Task item:
Look through the entries below and extract exactly the lines from the one containing "Как Менялся Крис Эванс (Chris Evans)" through the one containing "Cizre Kaymakamı Baycar, gaziler ile buluştu", ends included.

Supplied information:
++++++++
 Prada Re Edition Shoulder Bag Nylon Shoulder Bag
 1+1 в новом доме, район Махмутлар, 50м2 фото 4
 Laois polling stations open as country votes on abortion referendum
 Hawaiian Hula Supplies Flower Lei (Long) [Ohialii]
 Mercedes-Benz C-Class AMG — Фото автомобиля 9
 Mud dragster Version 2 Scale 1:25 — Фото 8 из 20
++++++++
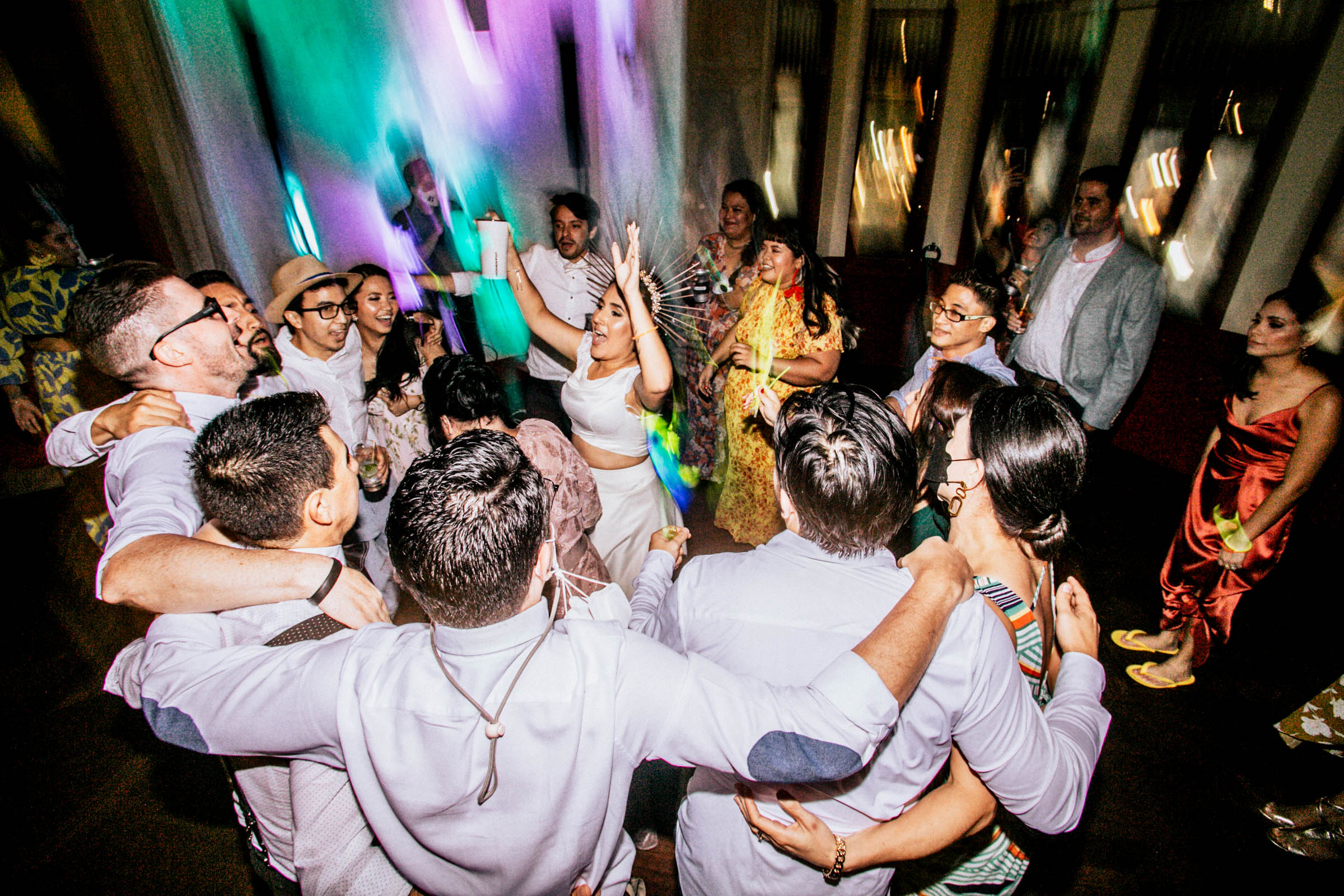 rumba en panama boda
++++++++
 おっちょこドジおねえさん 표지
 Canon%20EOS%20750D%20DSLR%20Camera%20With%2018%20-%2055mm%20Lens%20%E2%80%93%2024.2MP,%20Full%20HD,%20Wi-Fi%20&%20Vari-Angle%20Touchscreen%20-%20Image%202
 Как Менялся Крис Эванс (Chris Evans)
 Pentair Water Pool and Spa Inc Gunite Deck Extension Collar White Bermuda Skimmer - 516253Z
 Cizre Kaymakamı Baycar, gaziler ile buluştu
++++++++
Exercise response:
 Как Менялся Крис Эванс (Chris Evans)
 Pentair Water Pool and Spa Inc Gunite Deck Extension Collar White Bermuda Skimmer - 516253Z
 Cizre Kaymakamı Baycar, gaziler ile buluştu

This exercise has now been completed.